Agama islam memberikan kemudahan dan keringanan sesuai dengan kondisi umatnya untuk menjalankan puasa. Beberapa kondisi tertentu membuat seseorang diperbolehkan tidak berpuasa, namun mereka juga harus menggantinya. Simak penjelasannya berikut.
1. Orang yang sedang sakit dan Musafir
Kalau anda sedang flu, demam, atau kondisi lain yang dapat memperburuk kesehatan jika memaksakan puasa, anda boleh tidak berpuasa. Bagi para musafir juga begitu, jika anda sedang dalam perjalanan jauh seperti 85 km, anda mendapat keringanan untuk tidak berpuasa agar kesehatan terjaga selama diperjalanan.
2. Ibu Hamil dan Menyusui
Agama islam menjelaskan jika ibu hamil dan menyusui diperbolehkan tidak berpuasa jika terdapat kekhawatiran berdampak buruk pada kesehatan diri sendiri dan bayinya. Selain itu, perempuan yang sedang haid atau nifas memang dilarang berpuasa selama masa tersebut.
3. Lansia
Bagi orang tua yang sudah lemah dan tidak kuat menahan lapar dan haus, mereka tidak diwajibkan berpuasa. Karena ditakutkan jika tetap menjalankan puasa, kondisi kesehatan mereka akan semakin memburuk. Lalu bagaimana cara menggantinya? Secara umum terdapay dua cara mengganti puasa yang
terlewat, yaitu dengan cara Qadha dan Fidyah.

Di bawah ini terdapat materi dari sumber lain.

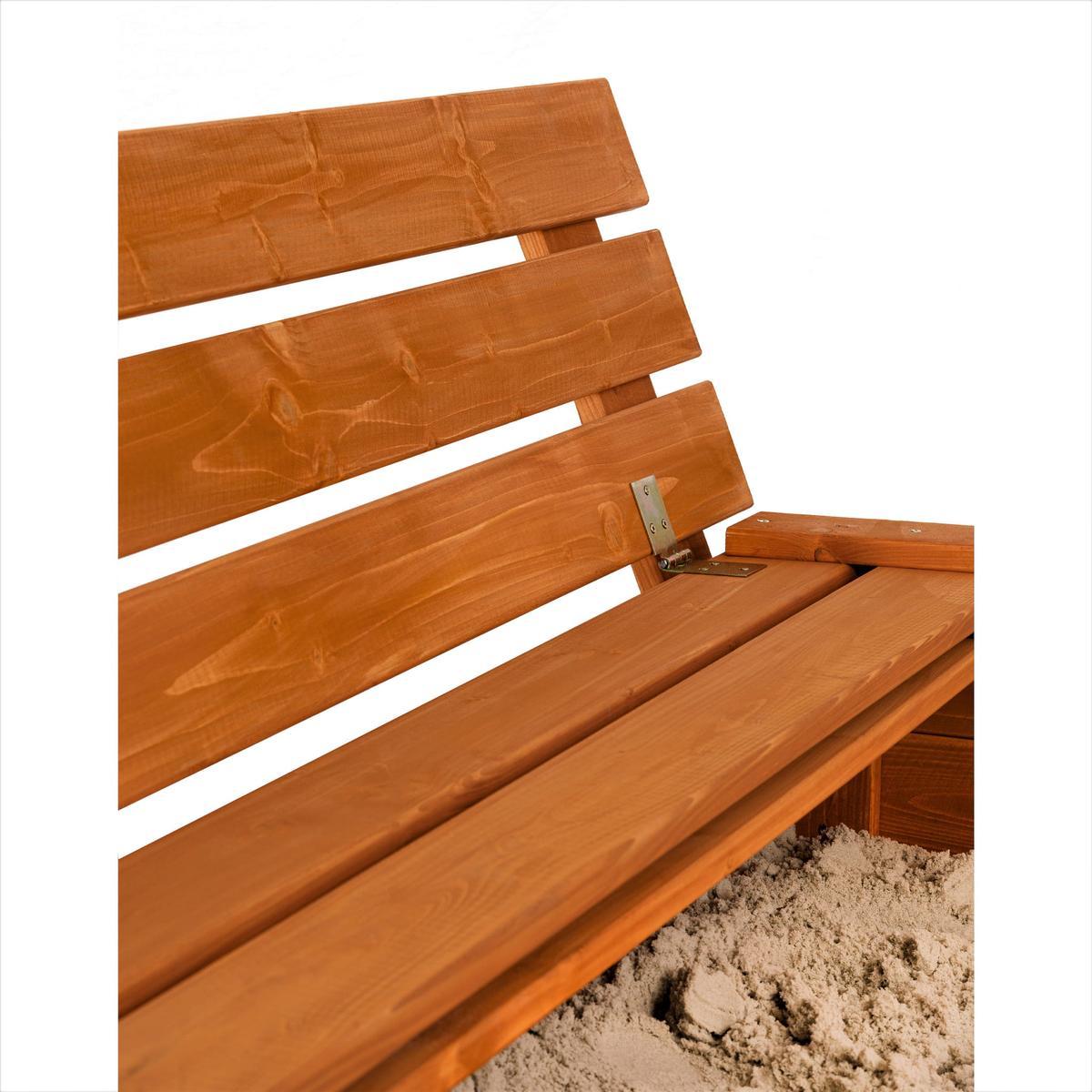 Piaskownica drewniana 150x150 cm z ławkami impregnowana do ogrodu dla dzieci nr. 4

Qadha merupakan syarat mengganti puasa dengan cara berpuasa dihari lain setelah Ramadhan berakhir. Jumlah hari berpuasanya juga harus sesuai dengan puasa yang ditinggalkan. Cara ini wajid dilakukan bagi anda yang kondisinya sementara, seperti sakit ringan, musafir, perempuan haid atau nifas, serta ibu hamil dan menyusui. Anda bisa melakukannya kapan saja diluar hari raya, dan pastikan anda menyelsaikan penggantian puasa tersebut sebelum tiba Ramadhan tahun berikutnya.

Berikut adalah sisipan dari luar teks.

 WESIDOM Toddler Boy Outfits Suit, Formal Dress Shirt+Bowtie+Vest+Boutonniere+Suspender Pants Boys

Kemudian cara yang kedua yaitu Fidyah, cara ini dilakukan bagi mereka yang memang sudah tidak mampu berpuasa selamanya, seperti lansia dan seseorang dengan penyakit kronis. Fidyah merupakan cara mengganti puasa dengan memberi makan orang miskin. Syaratnya, satu hari puasa harus diganti dengan memberi makan satu orang miskin.

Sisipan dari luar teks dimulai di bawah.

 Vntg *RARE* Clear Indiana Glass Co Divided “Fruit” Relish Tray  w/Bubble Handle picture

Dengan memahami golongan siapa saja yang diperbolehkan tidak berpuasa dan cara
menggantinya, diharapkan umat muslim dapat saling mengahargai dan tidak menghakimi satu
sama lain. Tidak berpuasa karena beberapa kondisi di atas, bukan berarti kehilangan pahala
Ramadhan. Selama anda tidak dengan sengaja membuat alasan seperti pura-pura sakit dan
kondisi lainnya, keringanan yang disebutkan tadi tetap sah dan tidak mengurangi nilai ibadah.